▸ TASK: From the first line to the last, restate the records word for word, skipping the pictures.

Web page caption snippets:
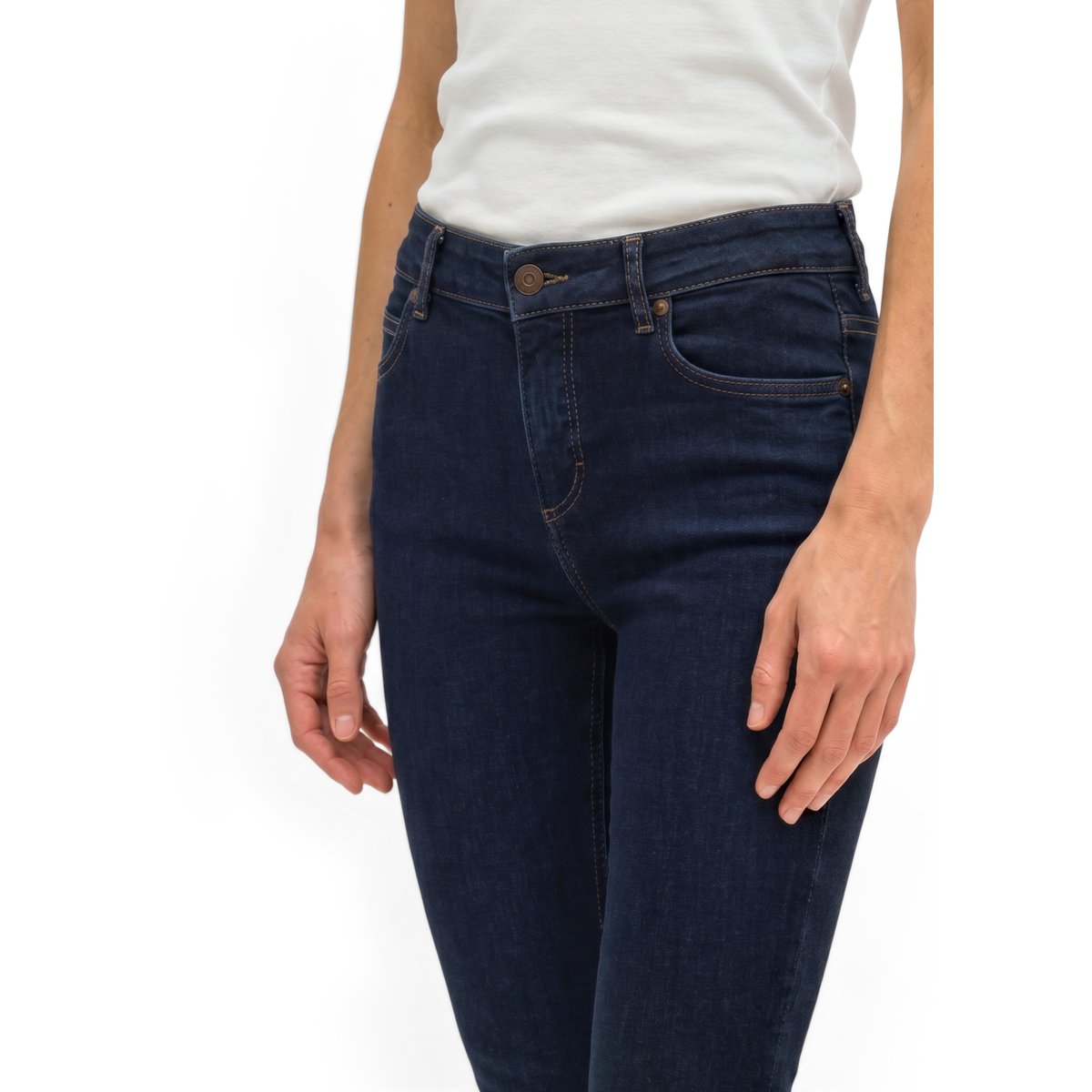 Jeans modèle Alby slim en coton biologique mélangé et stretch bleu, MARC O'POLO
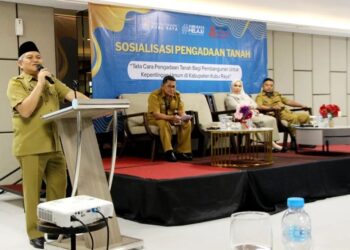 Yusran Anizam saat membuka sosialisasi Tata Cara Pengadaan Tanah bagi Pembangunan untuk Kepentingan Umum pada Selasa (18/11/2025) di Hotel Alimoer, Sungai Raya.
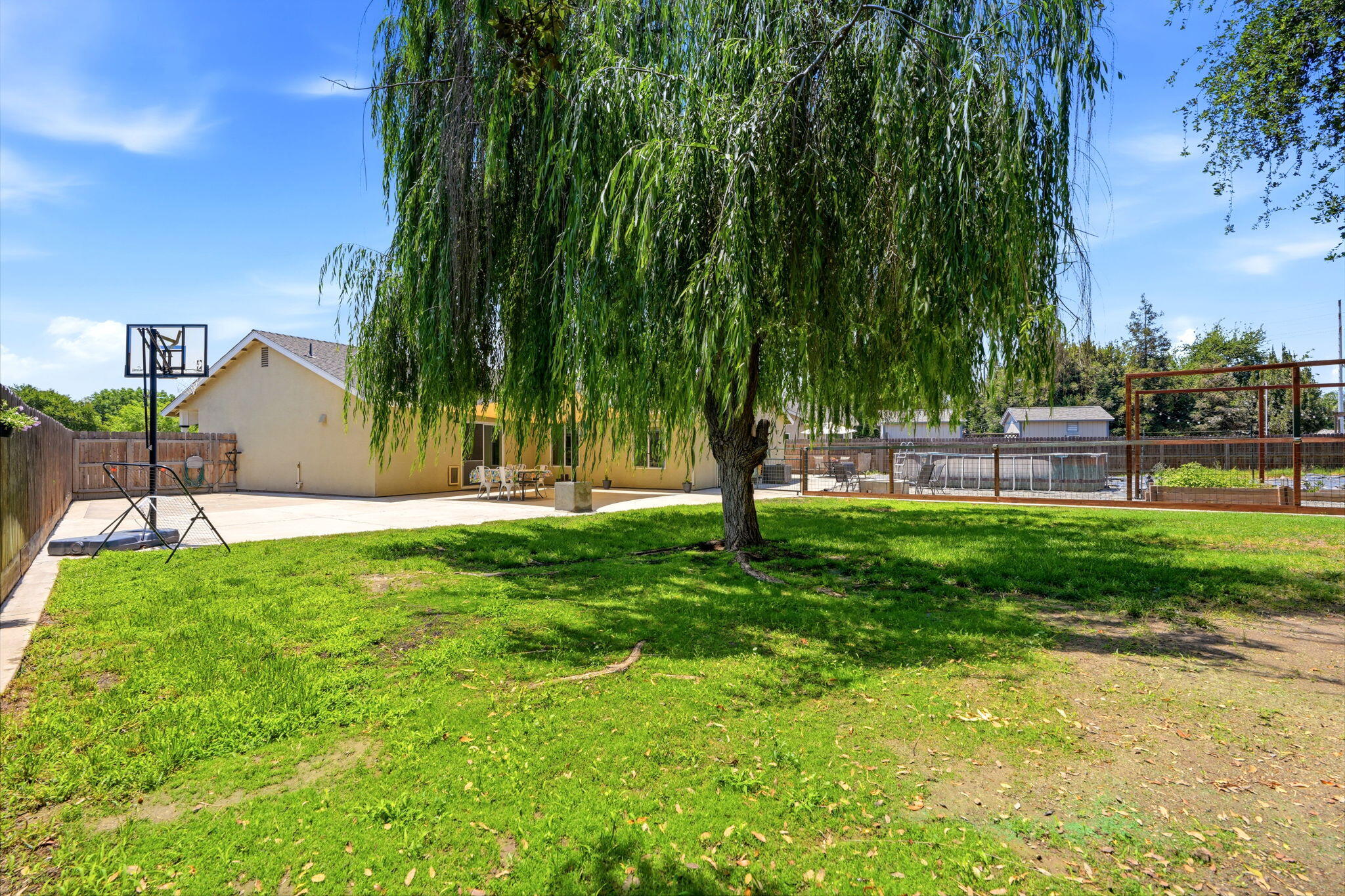 2258 Kirch Flat Ave, Tulare, CA 93274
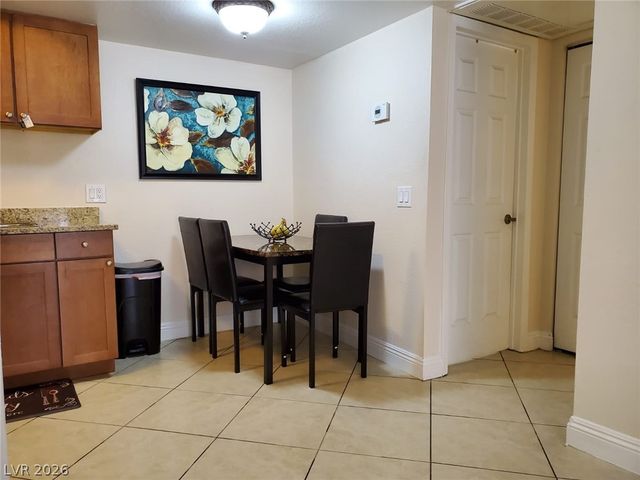 4200 South Valley View Boulevard 1052, Las Vegas, NV 89103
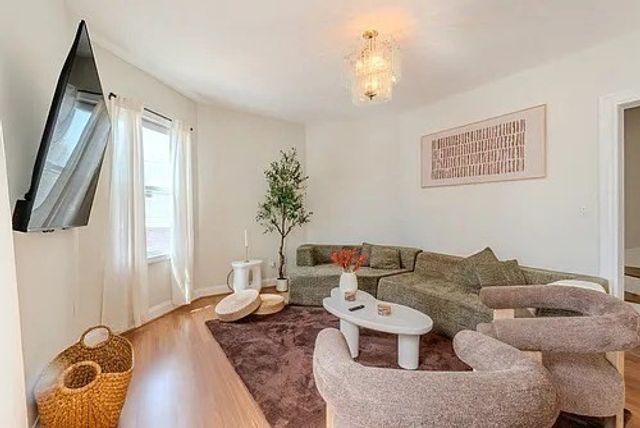 27R Albion 2, Somerville, MA 02143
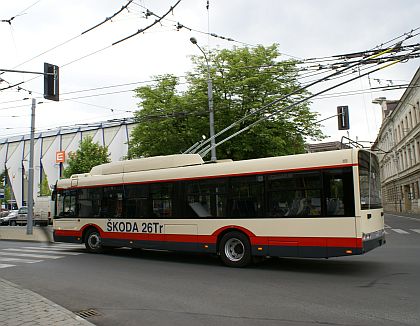 Trolejbus Škoda 26 Tr Solaris pro Jihlavu vyjel na zkušební jízdy po Plzni.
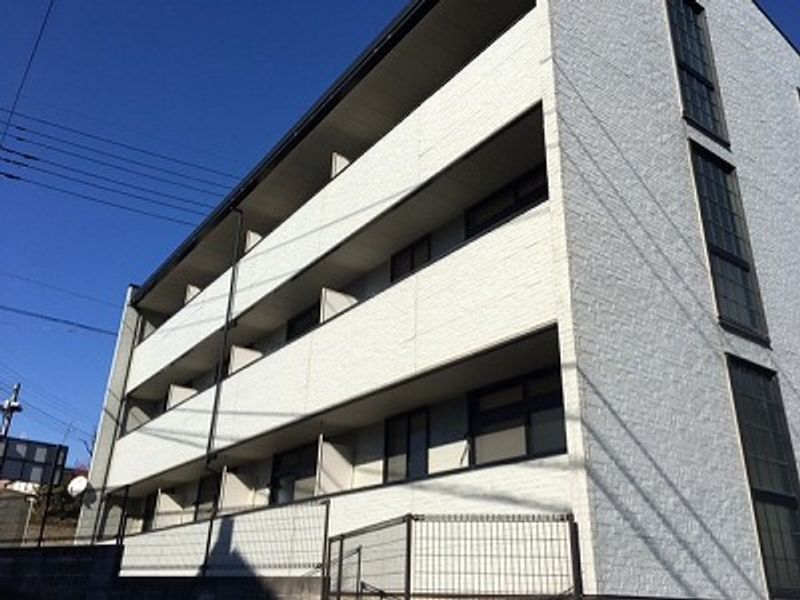 レオパレス久松 外観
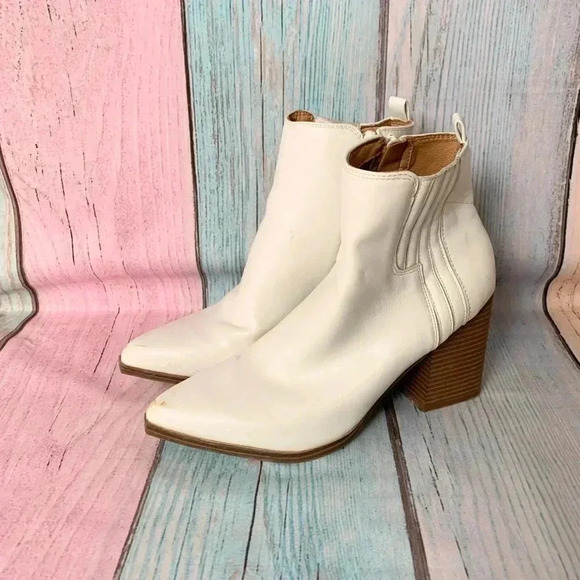 White pointy toe ankle booties block heel - Picture 6 of 12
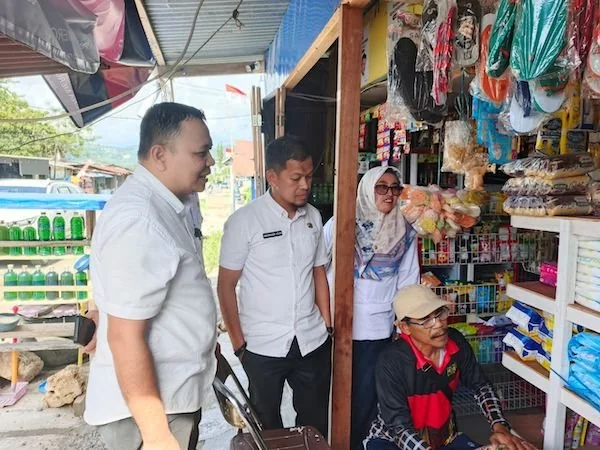 Diskoperindag Sulbar saat melakukan pemeriksaan di Pasar Mamuju(dok:ist)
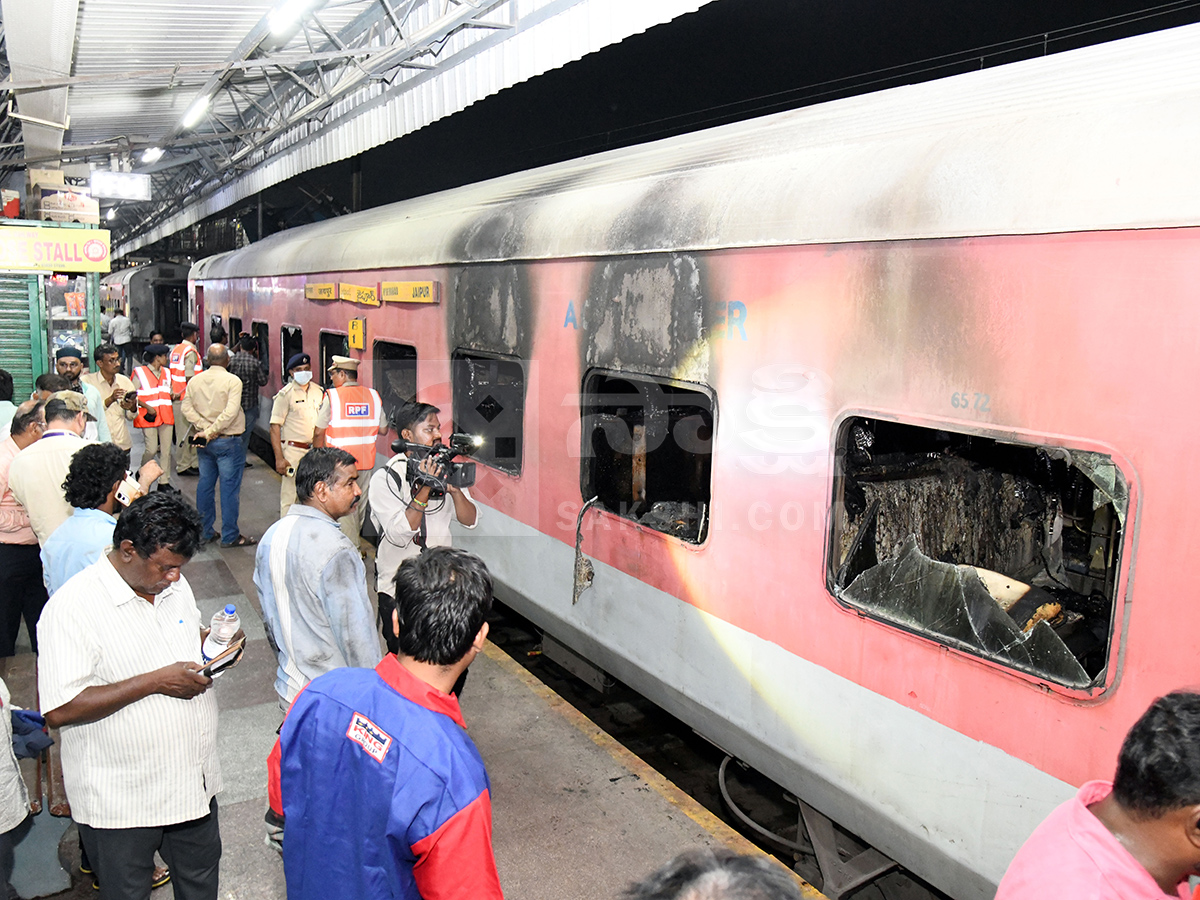 Major Fire Accident Averted at Nampally Railway Station HD Photos9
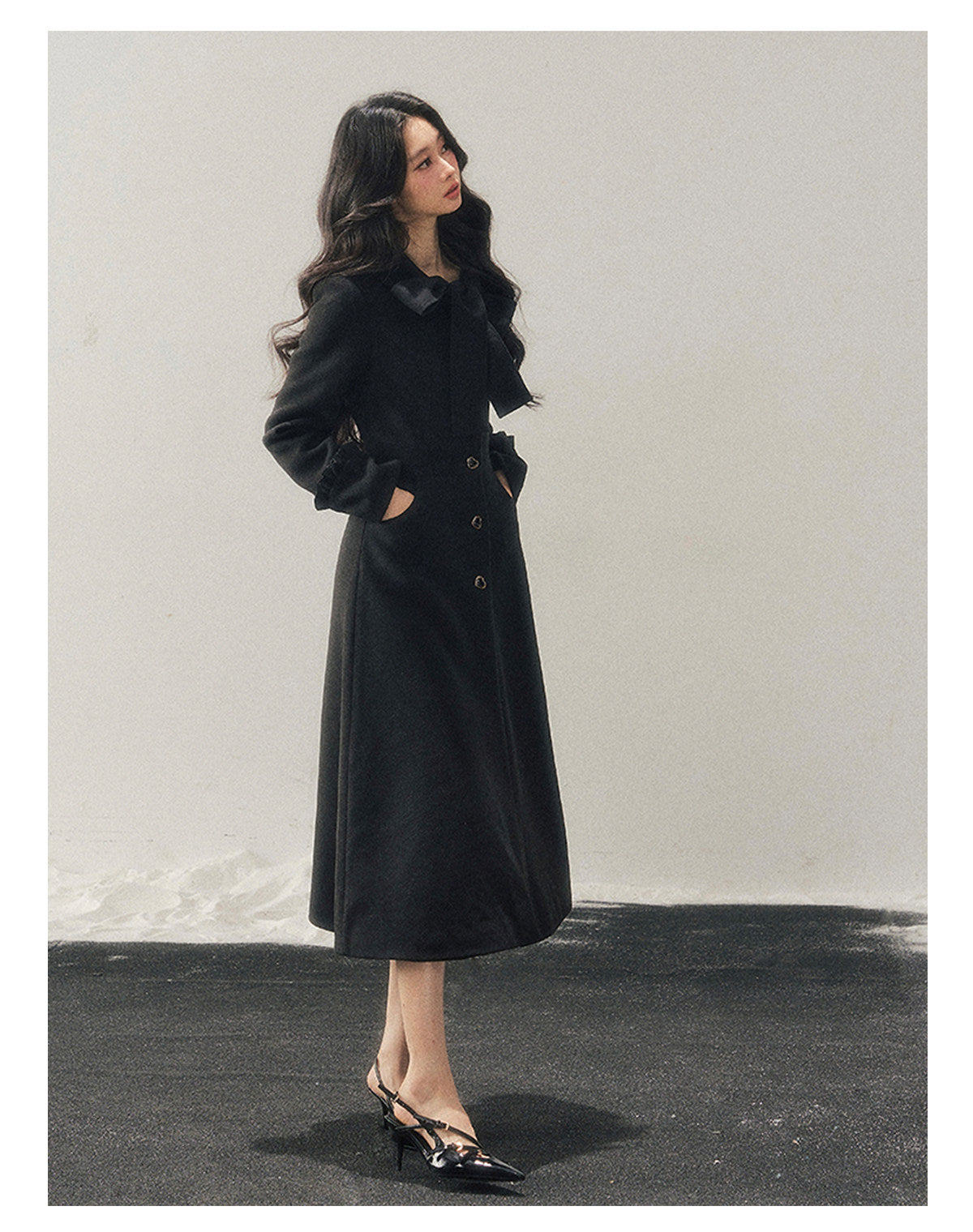 少也眼 "Snowfall Night" Wool-Blend Padded Coat – Rock Black Bow Edition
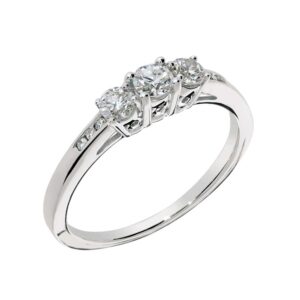 Ring "Angelica" i hvitt gull med diamanter totalt 0,50 TW.SI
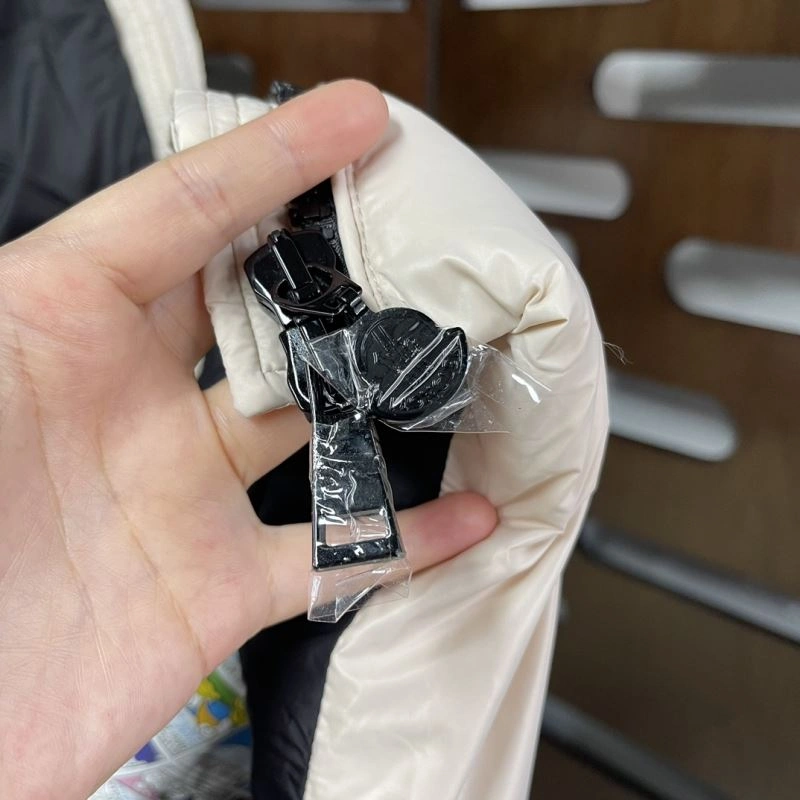 OdorResistant Moncler Down Jackets 143875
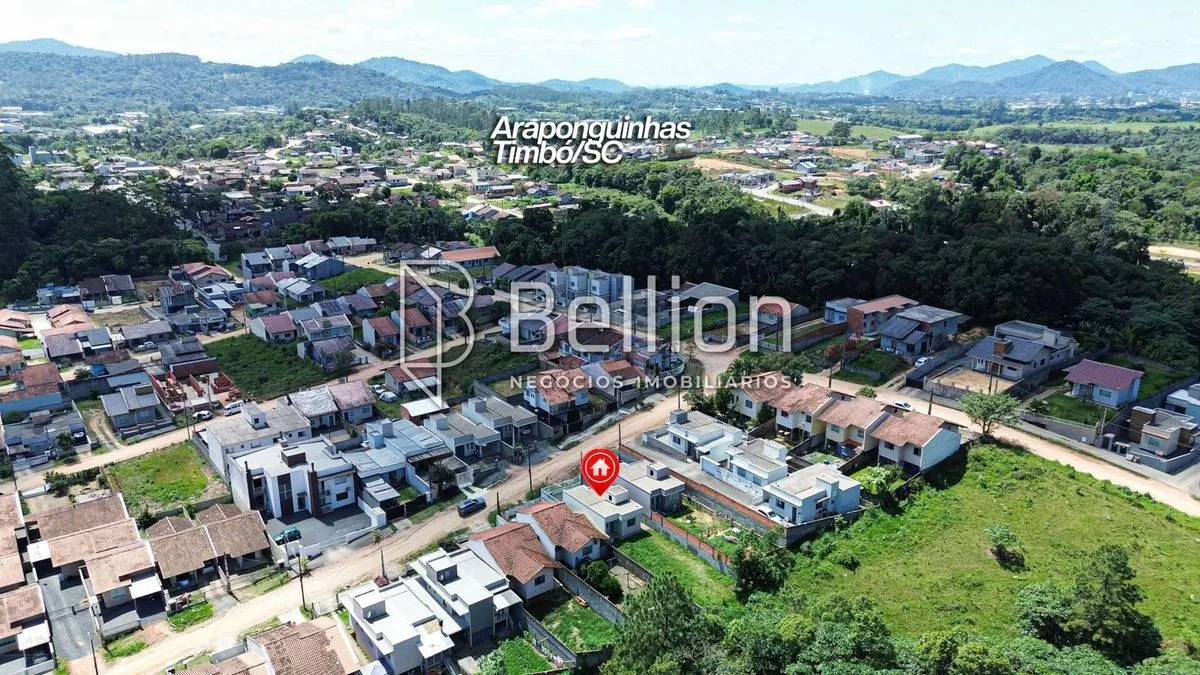 Imagem Residência situada em um bairro tranquilo em Timbó. Com um terreno espaçoso de 262,50 m², esta propriedade oferece um espaço para sua família desfrutar.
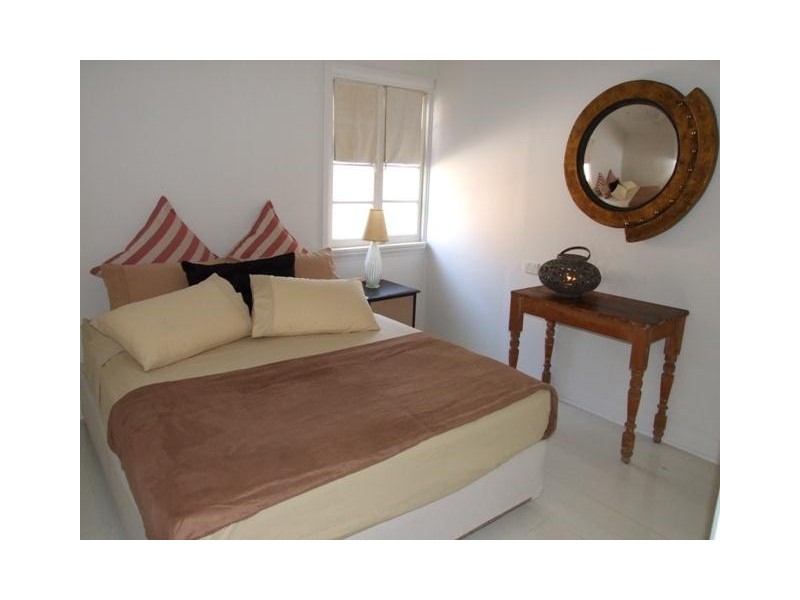 30 Howe Street, Cairns North QLD 4870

▸ REPLY TO THE TASK:
 Jeans modèle Alby slim en coton biologique mélangé et stretch bleu, MARC O'POLO
 Yusran Anizam saat membuka sosialisasi Tata Cara Pengadaan Tanah bagi Pembangunan untuk Kepentingan Umum pada Selasa (18/11/2025) di Hotel Alimoer, Sungai Raya.
 2258 Kirch Flat Ave, Tulare, CA 93274
 4200 South Valley View Boulevard 1052, Las Vegas, NV 89103
 27R Albion 2, Somerville, MA 02143
 Trolejbus Škoda 26 Tr Solaris pro Jihlavu vyjel na zkušební jízdy po Plzni.
 レオパレス久松 外観
 White pointy toe ankle booties block heel - Picture 6 of 12
 Diskoperindag Sulbar saat melakukan pemeriksaan di Pasar Mamuju(dok:ist)
 Major Fire Accident Averted at Nampally Railway Station HD Photos9
 少也眼 "Snowfall Night" Wool-Blend Padded Coat – Rock Black Bow Edition
 Ring "Angelica" i hvitt gull med diamanter totalt 0,50 TW.SI
 OdorResistant Moncler Down Jackets 143875
 Imagem Residência situada em um bairro tranquilo em Timbó. Com um terreno espaçoso de 262,50 m², esta propriedade oferece um espaço para sua família desfrutar.
 30 Howe Street, Cairns North QLD 4870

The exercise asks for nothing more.